I would agree with all of the above based on a random encounter I had on Monday at work with the Arab. You might be thinking “C’mon, girl! You work with the guy. You were bound to bump into him at some point!” Well, this is true, but my company is huge, and we work in entirely separate buildings and, in four months of chatting with him online, I’ve never once seen him – until last week when I was out running, and then this week. Last week’s encounter triggered a new obsession about him, and this week’s sorely tested the resolve I had found over the weekend to ignore him.

I was walking into the main building to grab some lunch in the café when he came out, looking, I might add, every inch my ideal man – tall, dark, handsome and athletic.  This was the first time I’d ever seen him up close, and he really is just so incredibly handsome. I can count on one hand the number of men I’ve found that attractive over all my thirty-odd years on this planet. It was the first time I’d ever heard him speak, too, and his voice was everything I thought it would be – deep, raspy and sexy. He wasn’t exactly in a rush to stop and talk, and I haven’t heard from him at all this week. I haven’t contacted him because, well, princesses don’t beg, goddammit! (although they are apparently allowed to obsess non-stop about douchebags).

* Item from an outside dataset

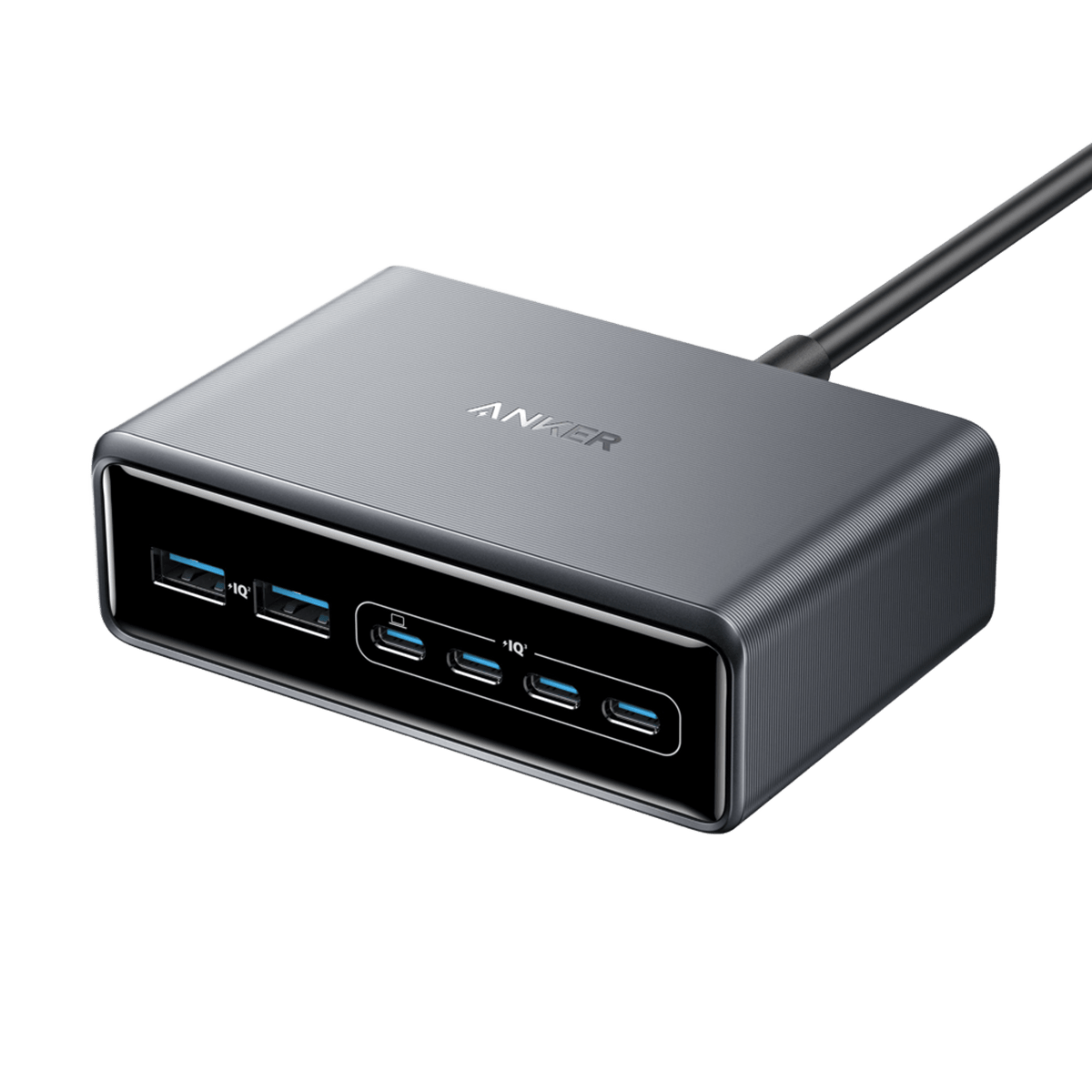 Anker Prime 200W GaN charger with six USB ports, compact design, and sleek black finish.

It’s for the best he hasn’t been in touch, as every fibre of my being tells me that he’s trouble. I can’t begin to fathom why a man would chase and chase and chase me, and then – poof! – blow me off when I finally agree to go out with him. And despite knowing that I shouldn’t get involved with him, it hurts like hell to feel rejected. Logically, I know the issue is that he’s weird, but I still find myself thinking “What’s wrong with me? Why doesn’t he want me? Why hasn’t he contacted me?”

I also feel that I have made myself incredibly vulnerable to this man. I opened up too quickly, and told him far too much personal information – most of it unsolicited (I still haven’t worked out what boundaries are!), but on one memorable occasion he asked me whether I had ever cheated on MM when I knew the marriage was on the rocks. Since the dude barely asked me any questions at all, it was very strange that he asked this one. I was kinda put on the spot, and my idiotic brain actually thought: “Oh my God, the poor dear! He’s probably been cheated on before, and wants to know that I wouldn’t do that! Oh, how he must have suffered!”. My response was half-truth/half-lie, as I mentioned my dalliance with Rebound Guy which began one week before MM and I broke up. I, of course, did not tell him the full extent of what happened. I said it was just “kissing”.

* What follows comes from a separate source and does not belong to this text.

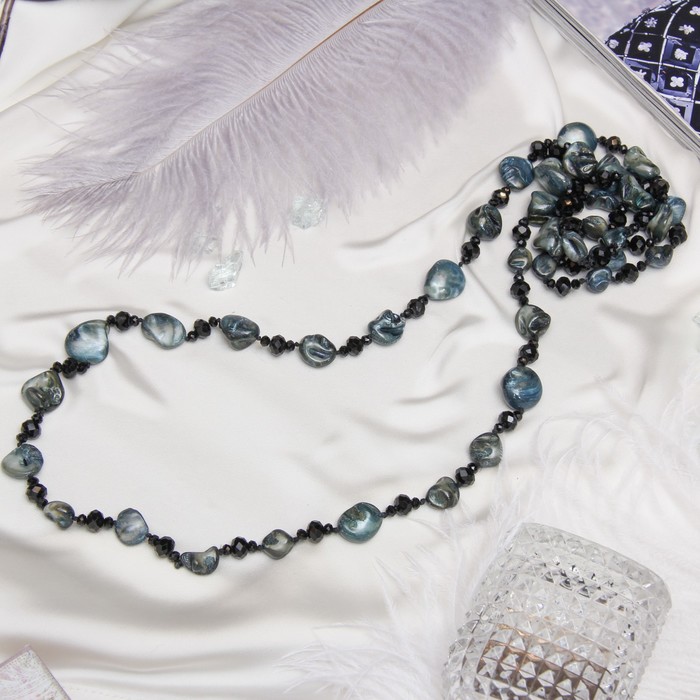 Бусы "Ракушка с хрусталём" цвет тёмно-синий, 120см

I went round to a colleague’s after work, who happens to be gay, and you can always trust a gay man’s opinion about your love life. When I told him about the Arab’s weird question, he said: “Girl, he just wanted to find out if you were easy. If you’d fucked somebody while married, chances are you’d fuck him even more quickly given that you’re now single”. It depressed the hell out of me to think that all I am to this dude (and all I’ve ever been to a lot of men) is a piece of ass. And the two beers I had drunk at my friend’s house certainly didn’t help my mood. I was incredibly sad by the time I finally left. And, oh, did I mention that I’ve also gone cold-turkey on Zoloft?

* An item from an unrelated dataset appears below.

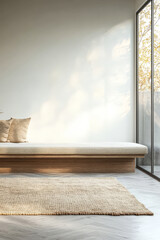 Minimalist living room with natural light and wooden furnishings in a contemporary home setting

I went to the ATM afterwards to pay in some of my ill-gotten gains where, out of the corner of my eye, I could see this skinny, icky, middle-aged white dude. I barely looked at him, but I knew (just knew!) that he was this awful guy I had once fucked when I was still an escort. He is for sure on the list of “Shameful, painful sexual experiences I will never talk about to anybody”. He was putting an envelope into the night deposit, and then he walked to his car, and was about to leave when I pointed at him, and yelled “Hey, you! I know you. Your name’s John!”. I knew I should have let him leave, but the alcohol took away all common sense.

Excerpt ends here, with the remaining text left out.